Mar 8, 2022: According to a report by Reuters, the presidents of Turkey and Israel will meet for the first time in more than a decade this week, expanding a recent Turkish charm offensive with regional rivals.
The two countries seek to overcome years of animosity and insults with this visit by Israel’s president to Turkey.
The two countries have traded accusations over Israel’s occupation of Palestinian territories and Ankara’s support for the militant group Hamas which governs Gaza. Diplomatic ties hit a low in 2018 when they expelled ambassadors.
As a result of Turkey’s efforts to mend its strained relations in the Middle East, President Tayyip Erdogan announced in January that he had invited Israeli President Isaac Herzog for talks on Wednesday. The parties say they will find ways to deepen cooperation.
Erdogan said the visit would usher in a “new era” and that the two countries could work together to bring Israel’s natural gas to Europe, reviving the idea that has been in discussion for over 20 years.
The last visit by an Israeli president to Turkey was in 2007 and the last trip by a prime minister came the following year. Erdogan and Bennett spoke in November, the first such call in years.
Relations cratered in 2010 when Israeli commandos enforcing a naval blockade of Gaza killed 10 Turkish activists during a raid on the Mavi Marmara boat, which was carrying aid to the enclave.
Through the years of animosity, the countries have maintained trade, which stood at $6.7 billion in 2021, up from $5 billion in 2019 and 2020, according to official data.
Gas supplies from the Mediterranean could ease European dependence on Russian gas. Plans for a subsea pipeline from the east Mediterranean to Europe, excluding Turkey, have stalled after the U.S expressed misgivings in January.
Turkey imports most of its energy but has announced a discovery of 540 billion cubic metres of natural gas in the Black Sea and hopes to extract it next year.

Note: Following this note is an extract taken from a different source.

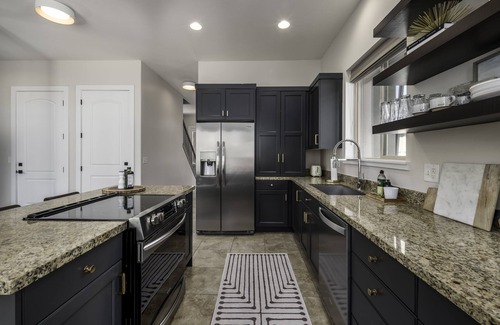 Cedar Hills House | Clean, modern, golf course home w/incredible mtn views, close to hike/golf/ski.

The head of the Israeli firm pumping gas from a giant field in the east Mediterranean said his company could supply Turkey if it provided infrastructure, though he did not comment on Erdogan’s more ambitious idea to link it to Europe.

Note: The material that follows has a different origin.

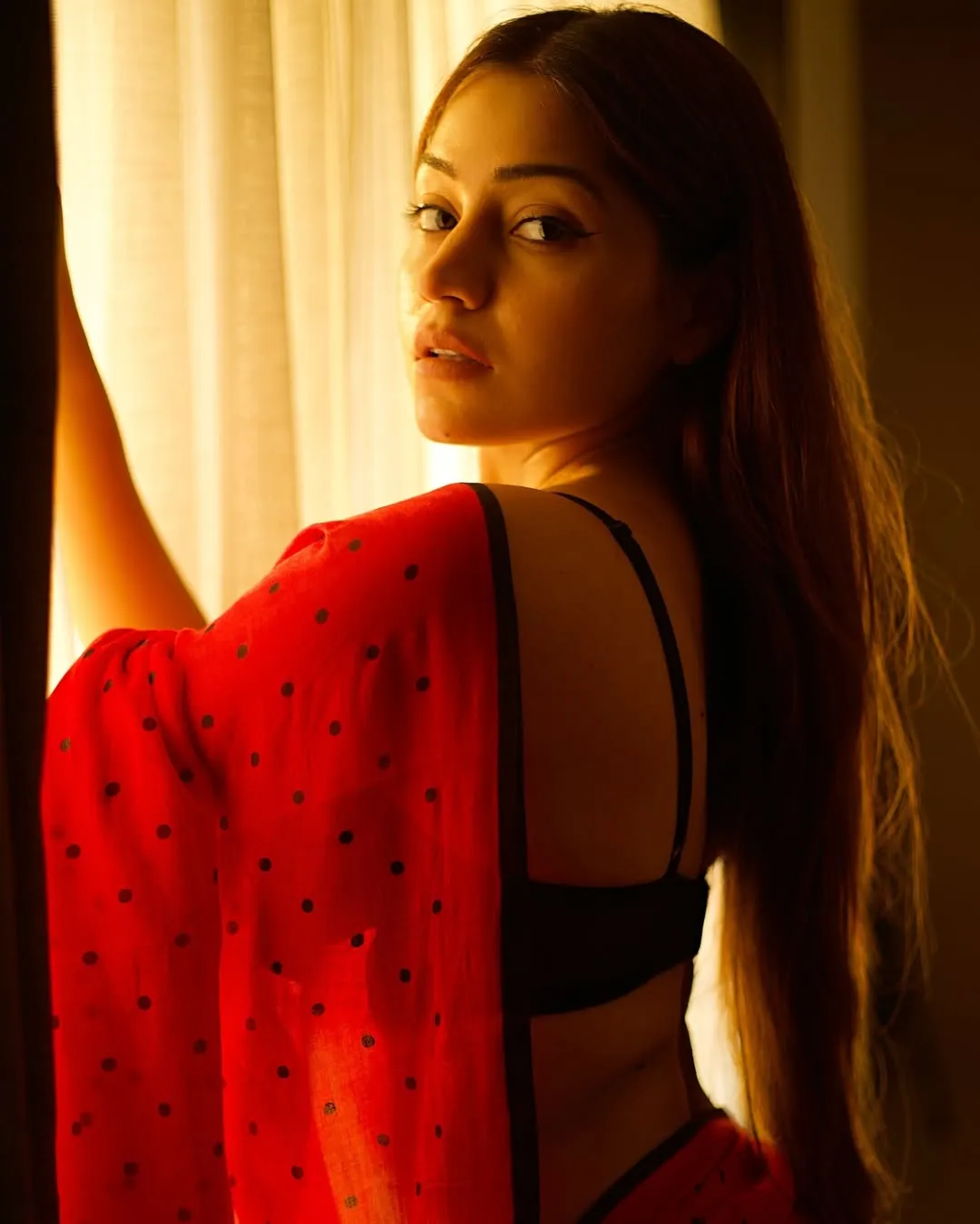 Simran Kaur (symrann.k) Bold Photos (114)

“Our position has always been clear. If you want gas, great. We are ready to give. You build the pipeline to us and we will supply gas,” Yossi Abu, chief executive of NewMed Energy, told an investors conference two weeks ago.
Despite visibly toning down its criticism of Israel ahead of Herzog’s visit, Turkey has ruled out abandoning its commitment to supporting Palestinian statehood.
Sami Abu Zuhri, a Hamas political official in Turkey, told Reuters that ties between the group and Ankara were “stable” and that media reports about Turkey pressuring Hamas to rein in its criticism of Israel were “unfounded and incorrect.”